Sunday, February 13, 2011

The Grave of Ambrose Bierce

Bierce is one of the great writers of horror and black humor in American literary history. His classic short story, An Occurrence at Owl Creek Bridge, is the kind of thing you read in junior high, which crept into your brain and changed it subtly and forever. And The Middle Toe of the Right Foot, is a classic haunted house story.

But one of the things he's most legendary for is his disappearance. One day in late December 1913, he headed off for Mexico and just dropped off the face of the earth. It's a mystery that still bedevils the literary world... but there are clues that suggest it won't stay unsolved forever. Time magazine has a decent short piece on some of the facts surrounding the vanishing of Ambrose Bierce. One important fact is that Bierce himself seemed to welcome his death, and made no attempt to hide it. In a letter to his family he writes:

[I]f you hear of my being stood up against a Mexican stone wall and shot to rags please know that I think that a pretty good way to depart this life. It beats old age, disease, or falling down the cellar stairs.

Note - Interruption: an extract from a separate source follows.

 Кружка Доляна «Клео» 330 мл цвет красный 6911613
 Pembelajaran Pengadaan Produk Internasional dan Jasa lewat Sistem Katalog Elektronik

A website called Biercephile.com also has a good article about Bierce's disappearance, and the different theories surrounding it... some crazier than others. Some people believe he didn't go to Mexico at all, just used it as a ruse to throw people off his trail and killed himself in the Grand Canyon area. Others believe he stole an ancient Mayan artifact called the Skull of Doom before vanishing completely.

But a priest in Sierra Mojada, Mexico has actually erected a gravestone marking what he believes is the grave of Bierce, based on a local story about a gringo being executed by authorities for espionage (Read it here.) With our ability to test DNA it seems to be a great place to start.